_Task statement_: Transcribe the data below verbatim from the line with "Anthropologie—Wintertide Wool Blend" to the line with "2024 Chrysler Pacifica Touring-L". Include both of those lines.

_Dataset extract_:
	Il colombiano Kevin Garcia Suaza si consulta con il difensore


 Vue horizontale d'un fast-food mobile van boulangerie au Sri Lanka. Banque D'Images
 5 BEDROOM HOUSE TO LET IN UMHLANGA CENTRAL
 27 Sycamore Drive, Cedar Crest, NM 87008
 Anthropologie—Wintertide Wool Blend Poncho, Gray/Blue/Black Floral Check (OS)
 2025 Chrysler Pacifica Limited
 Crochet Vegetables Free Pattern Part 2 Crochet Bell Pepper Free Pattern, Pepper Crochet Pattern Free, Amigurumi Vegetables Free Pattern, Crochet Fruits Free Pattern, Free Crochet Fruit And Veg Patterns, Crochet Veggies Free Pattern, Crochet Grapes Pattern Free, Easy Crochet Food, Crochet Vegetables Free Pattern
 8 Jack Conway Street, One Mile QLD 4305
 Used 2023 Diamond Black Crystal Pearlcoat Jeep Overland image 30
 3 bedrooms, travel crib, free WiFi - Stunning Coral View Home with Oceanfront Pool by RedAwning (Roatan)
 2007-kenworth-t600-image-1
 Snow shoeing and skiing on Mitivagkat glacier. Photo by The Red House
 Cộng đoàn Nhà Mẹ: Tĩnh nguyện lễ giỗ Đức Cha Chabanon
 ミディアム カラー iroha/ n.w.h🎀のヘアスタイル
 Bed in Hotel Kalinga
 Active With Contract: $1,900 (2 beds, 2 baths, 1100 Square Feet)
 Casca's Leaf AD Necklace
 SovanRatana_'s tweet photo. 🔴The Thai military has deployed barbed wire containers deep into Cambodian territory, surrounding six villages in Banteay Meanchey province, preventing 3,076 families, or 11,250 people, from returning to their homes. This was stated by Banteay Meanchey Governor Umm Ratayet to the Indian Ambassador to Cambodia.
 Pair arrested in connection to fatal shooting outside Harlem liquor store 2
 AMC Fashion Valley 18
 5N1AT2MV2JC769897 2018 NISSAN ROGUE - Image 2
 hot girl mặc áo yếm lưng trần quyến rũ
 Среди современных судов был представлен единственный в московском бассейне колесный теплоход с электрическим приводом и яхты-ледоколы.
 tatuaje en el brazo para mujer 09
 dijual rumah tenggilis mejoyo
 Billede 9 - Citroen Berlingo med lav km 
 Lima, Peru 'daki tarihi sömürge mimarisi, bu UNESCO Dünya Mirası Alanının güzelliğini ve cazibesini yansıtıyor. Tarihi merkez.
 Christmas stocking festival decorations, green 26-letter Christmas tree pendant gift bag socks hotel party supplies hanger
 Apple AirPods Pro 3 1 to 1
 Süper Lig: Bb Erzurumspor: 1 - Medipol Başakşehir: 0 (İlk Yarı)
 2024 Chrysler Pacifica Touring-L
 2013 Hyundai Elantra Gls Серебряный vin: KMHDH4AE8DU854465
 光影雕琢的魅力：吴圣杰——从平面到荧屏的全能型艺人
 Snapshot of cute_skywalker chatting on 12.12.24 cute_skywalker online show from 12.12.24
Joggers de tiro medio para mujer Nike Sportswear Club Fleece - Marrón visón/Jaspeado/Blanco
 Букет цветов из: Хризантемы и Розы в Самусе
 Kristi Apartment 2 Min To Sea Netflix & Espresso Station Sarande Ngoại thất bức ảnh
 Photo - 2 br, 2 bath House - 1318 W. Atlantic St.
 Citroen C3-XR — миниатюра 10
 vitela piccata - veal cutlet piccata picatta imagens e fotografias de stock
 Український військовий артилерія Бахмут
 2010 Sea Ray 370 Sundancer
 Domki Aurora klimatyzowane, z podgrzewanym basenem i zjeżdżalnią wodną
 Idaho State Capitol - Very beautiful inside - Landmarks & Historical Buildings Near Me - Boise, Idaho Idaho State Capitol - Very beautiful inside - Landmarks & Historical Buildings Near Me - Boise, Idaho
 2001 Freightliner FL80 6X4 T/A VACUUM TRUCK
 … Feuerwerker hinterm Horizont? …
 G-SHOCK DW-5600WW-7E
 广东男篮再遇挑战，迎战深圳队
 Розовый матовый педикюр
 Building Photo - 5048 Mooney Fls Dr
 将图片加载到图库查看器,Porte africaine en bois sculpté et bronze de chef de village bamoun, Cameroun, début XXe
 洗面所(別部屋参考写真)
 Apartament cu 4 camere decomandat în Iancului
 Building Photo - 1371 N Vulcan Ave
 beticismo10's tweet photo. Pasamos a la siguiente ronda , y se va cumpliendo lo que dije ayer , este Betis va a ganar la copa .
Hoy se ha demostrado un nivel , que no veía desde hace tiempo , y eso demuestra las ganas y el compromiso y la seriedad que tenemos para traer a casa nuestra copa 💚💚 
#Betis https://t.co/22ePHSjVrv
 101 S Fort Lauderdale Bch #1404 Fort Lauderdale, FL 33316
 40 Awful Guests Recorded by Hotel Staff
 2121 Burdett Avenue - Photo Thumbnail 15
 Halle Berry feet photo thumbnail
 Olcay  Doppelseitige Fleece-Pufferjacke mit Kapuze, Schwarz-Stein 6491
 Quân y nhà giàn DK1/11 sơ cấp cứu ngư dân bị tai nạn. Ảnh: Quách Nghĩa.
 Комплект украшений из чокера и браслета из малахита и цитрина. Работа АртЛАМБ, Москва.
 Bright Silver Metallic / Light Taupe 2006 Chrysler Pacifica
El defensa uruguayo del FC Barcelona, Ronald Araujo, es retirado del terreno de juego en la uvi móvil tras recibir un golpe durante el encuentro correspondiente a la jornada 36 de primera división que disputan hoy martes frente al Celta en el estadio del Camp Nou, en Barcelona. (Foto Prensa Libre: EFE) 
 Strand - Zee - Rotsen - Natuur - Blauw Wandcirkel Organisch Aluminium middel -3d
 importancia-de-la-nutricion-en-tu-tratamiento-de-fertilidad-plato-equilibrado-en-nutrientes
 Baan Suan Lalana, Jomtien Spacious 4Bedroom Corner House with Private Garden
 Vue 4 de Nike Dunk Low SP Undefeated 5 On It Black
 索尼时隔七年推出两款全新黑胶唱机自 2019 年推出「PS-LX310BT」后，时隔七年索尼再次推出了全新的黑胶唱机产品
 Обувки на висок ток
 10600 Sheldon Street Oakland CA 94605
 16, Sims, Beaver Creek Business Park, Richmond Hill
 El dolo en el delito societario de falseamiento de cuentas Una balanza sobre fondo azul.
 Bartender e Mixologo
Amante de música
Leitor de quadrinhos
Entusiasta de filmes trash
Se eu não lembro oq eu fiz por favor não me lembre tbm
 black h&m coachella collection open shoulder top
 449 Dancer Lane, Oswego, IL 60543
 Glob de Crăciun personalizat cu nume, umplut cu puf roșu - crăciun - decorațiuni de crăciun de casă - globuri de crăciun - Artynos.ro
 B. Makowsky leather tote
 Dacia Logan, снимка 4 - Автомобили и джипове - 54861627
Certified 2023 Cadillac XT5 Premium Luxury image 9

_Solution for this task_:
 Anthropologie—Wintertide Wool Blend Poncho, Gray/Blue/Black Floral Check (OS)
 2025 Chrysler Pacifica Limited
 Crochet Vegetables Free Pattern Part 2 Crochet Bell Pepper Free Pattern, Pepper Crochet Pattern Free, Amigurumi Vegetables Free Pattern, Crochet Fruits Free Pattern, Free Crochet Fruit And Veg Patterns, Crochet Veggies Free Pattern, Crochet Grapes Pattern Free, Easy Crochet Food, Crochet Vegetables Free Pattern
 8 Jack Conway Street, One Mile QLD 4305
 Used 2023 Diamond Black Crystal Pearlcoat Jeep Overland image 30
 3 bedrooms, travel crib, free WiFi - Stunning Coral View Home with Oceanfront Pool by RedAwning (Roatan)
 2007-kenworth-t600-image-1
 Snow shoeing and skiing on Mitivagkat glacier. Photo by The Red House
 Cộng đoàn Nhà Mẹ: Tĩnh nguyện lễ giỗ Đức Cha Chabanon
 ミディアム カラー iroha/ n.w.h🎀のヘアスタイル
 Bed in Hotel Kalinga
 Active With Contract: $1,900 (2 beds, 2 baths, 1100 Square Feet)
 Casca's Leaf AD Necklace
 SovanRatana_'s tweet photo. 🔴The Thai military has deployed barbed wire containers deep into Cambodian territory, surrounding six villages in Banteay Meanchey province, preventing 3,076 families, or 11,250 people, from returning to their homes. This was stated by Banteay Meanchey Governor Umm Ratayet to the Indian Ambassador to Cambodia.
 Pair arrested in connection to fatal shooting outside Harlem liquor store 2
 AMC Fashion Valley 18
 5N1AT2MV2JC769897 2018 NISSAN ROGUE - Image 2
 hot girl mặc áo yếm lưng trần quyến rũ
 Среди современных судов был представлен единственный в московском бассейне колесный теплоход с электрическим приводом и яхты-ледоколы.
 tatuaje en el brazo para mujer 09
 dijual rumah tenggilis mejoyo
 Billede 9 - Citroen Berlingo med lav km 
 Lima, Peru 'daki tarihi sömürge mimarisi, bu UNESCO Dünya Mirası Alanının güzelliğini ve cazibesini yansıtıyor. Tarihi merkez.
 Christmas stocking festival decorations, green 26-letter Christmas tree pendant gift bag socks hotel party supplies hanger
 Apple AirPods Pro 3 1 to 1
 Süper Lig: Bb Erzurumspor: 1 - Medipol Başakşehir: 0 (İlk Yarı)
 2024 Chrysler Pacifica Touring-L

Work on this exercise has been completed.